休業中の百貨店は徐々に営業再開しているが、厳重な感染防止策が取られている(時事通信フォト)

 レナウンのように600億円規模の会社だと、ネット通販の売上高が月々1億円程度では支えられず、経営破綻してしまう。業界内では「コロナショックはむしろ大きい会社のほうが厳しい」という指摘も見受けられます。

 確かに企業規模が大きいほうが方向転換はしにくいのですが、資金に余力があるなら大手のほうが耐久力はあるはずです。却ってメルベイユアッシュのように資金に余力のない小規模ブランドのほうが持ちこたえられないのです。

 5月14日からようやく39県で非常事態宣言が解除となることが決まりました。まだ東京都や大阪府が残っていますが、こちらも新規感染者数が一桁台にまで減ってきているので近々解除が決定しそうです。

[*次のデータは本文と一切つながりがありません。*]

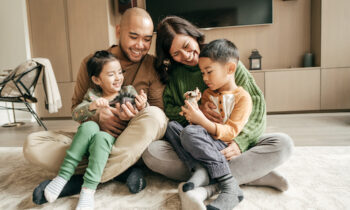 Image Text: smiling Asian family, family oral health, oral health and family, busy parents, busy family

 これによって百貨店や商業施設、都心店などの営業が再開されます。しかし、3月の営業短縮を皮切りに4月、5月とほぼ2か月近く店舗が休業していたことによって、各アパレルは売上高が大幅に減っているだけでなく、在庫が消化されずに過剰な状態となっています。

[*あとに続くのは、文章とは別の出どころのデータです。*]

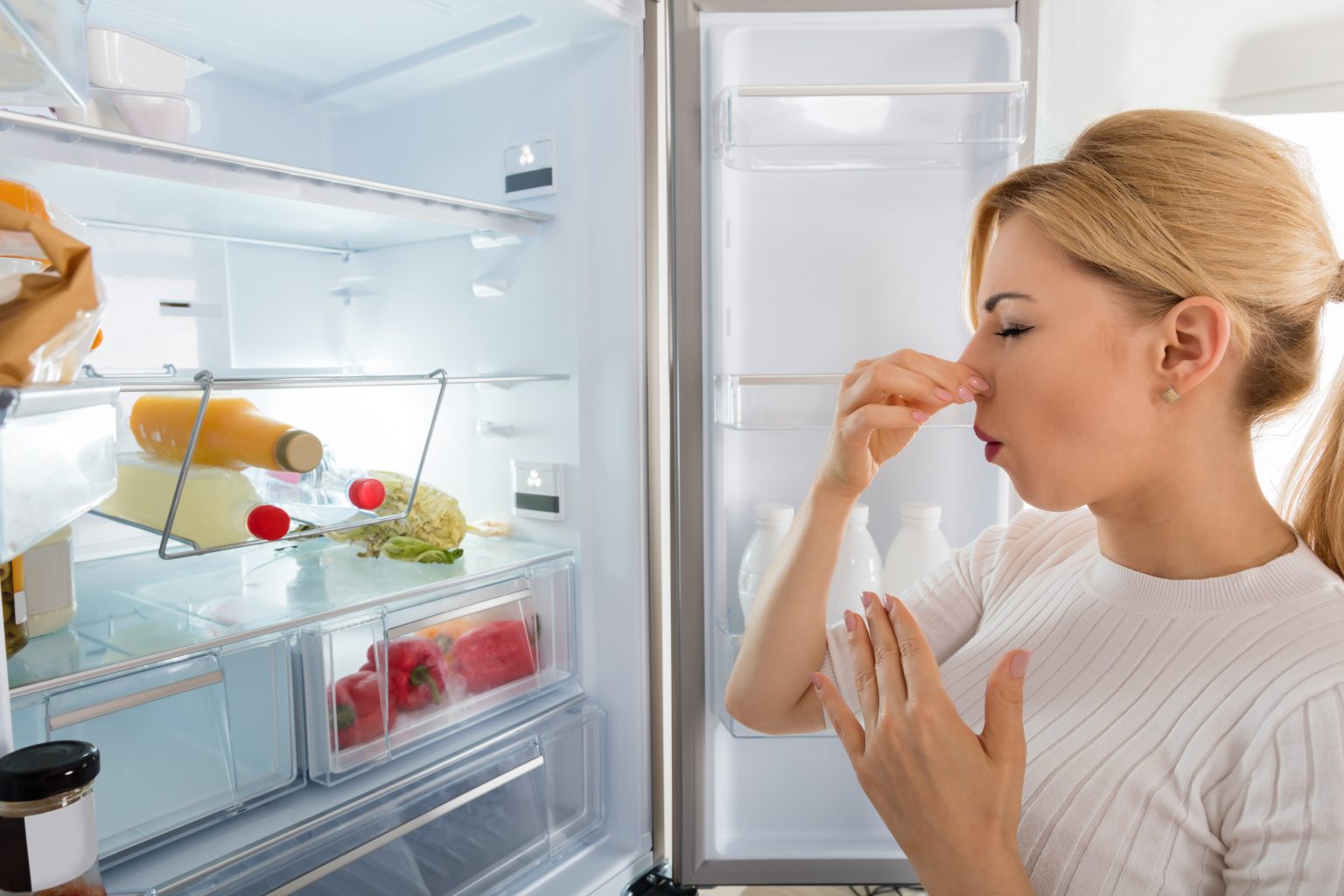 a woman opened refrigerator door and she put a hand on her nose because of the bad odor from refrigerator.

 さらに、営業再開後の売れ行きもすぐに元通りといかない企業も多いでしょうから、このままでは6月以降、企業の大小にかかわらず、もともと資金に余裕のないアパレル企業はさらに経営破綻に追い込まれ姿を消すのは確実でしょう。

 レナウンのほかにも、百貨店を主な販売拠点としていた老舗アパレルメーカーは多くあります。そうした企業は、早急に出店戦略の見直しやネット販売の強化、在庫圧縮や所有ブランドの取捨選択など“延命策”を取る必要があるでしょう。

 さもなければ、いつ「第2、第3のレナウン」が出てもまったく不思議ではない状況といえます。